As for the literacy myth, all academics, even those of us familiar with Graff, at some point bought into the myth lock, stock, and barrel. Not only did the myth get us into our BA programs, but I'm convinced the myth is the only reason a majority of us enrolled in the PhD. Aren't we all seeking some affirmation from a piece of paper? Are we not still buying into the myth with our solitary writing endeavors shared only with one another because we took the initiative to form a group of fellow dissertators?

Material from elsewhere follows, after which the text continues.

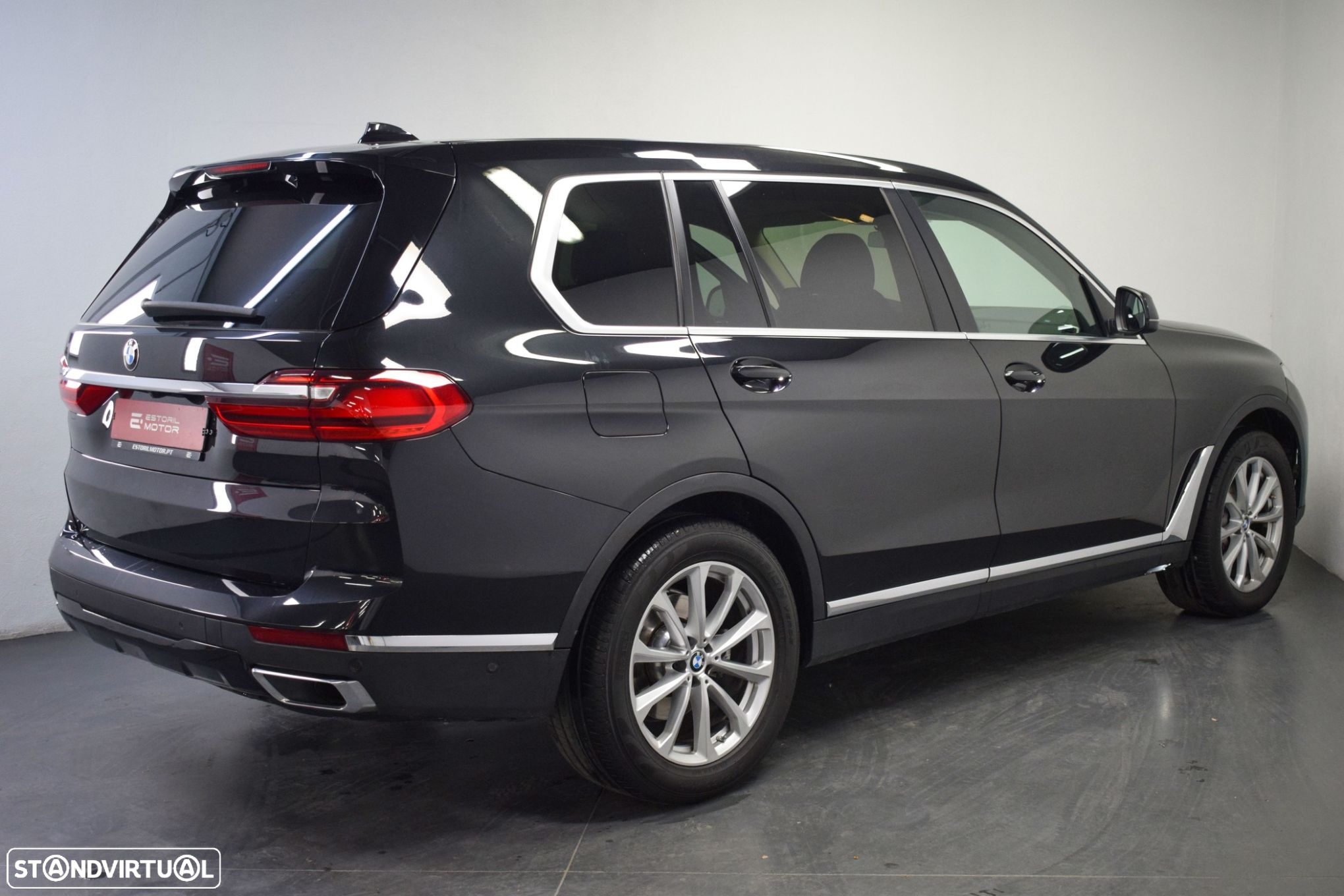 BMW X7 40 i xDrive - 3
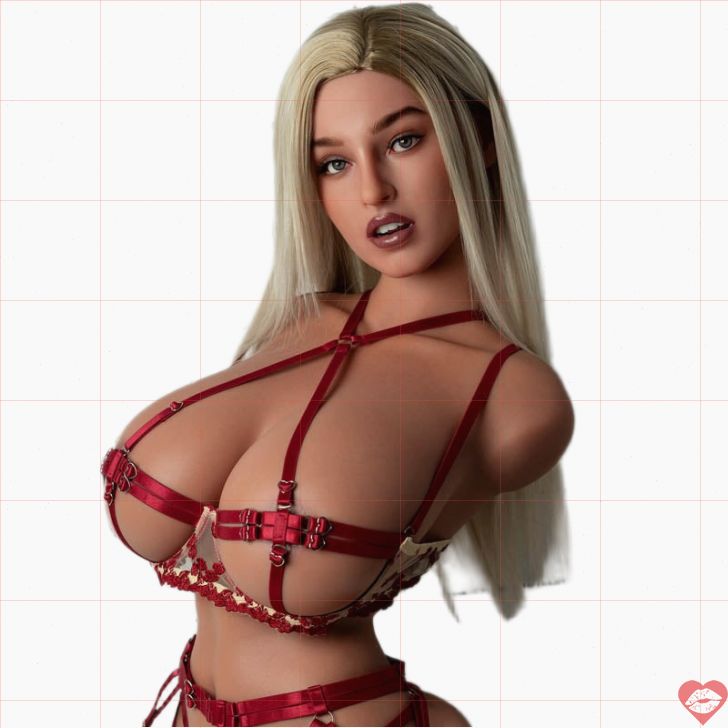 ZELEX Aimee torso 108cm mông lớn 30kg mượt mềm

Thank you for posting about your journey, for sharing your experience with others rather than pretending that raising your child to leave you is an easy process and transition. I have no doubts that you and partner have provided your son with the skills and examples necessary to traverse life. Sure, he's going to make mistakes, but I think he'll find--much as I did--that when he needs you, he'll call....even if it is 2:00am and he's had to clean up a friend who was nursing homesickness with a bottle of vodka (a story for another time).

J. K. Gayle said...

Thanks, M., for the kind, and thoughtful comments. There is no myth to the value of encouragement from a colleague and friend. And I share your belief, as a feminist, that men have much to say to one another about the equal importance of learning from women and men. (I literally just left my son at his new campus, where he'd visited twice before with his mom, who paved the way for more good beginnings.) Thank you for sharing the allusion to someone's meaningful story, of mistakes, of learning to care for others, of profoundly important lessons.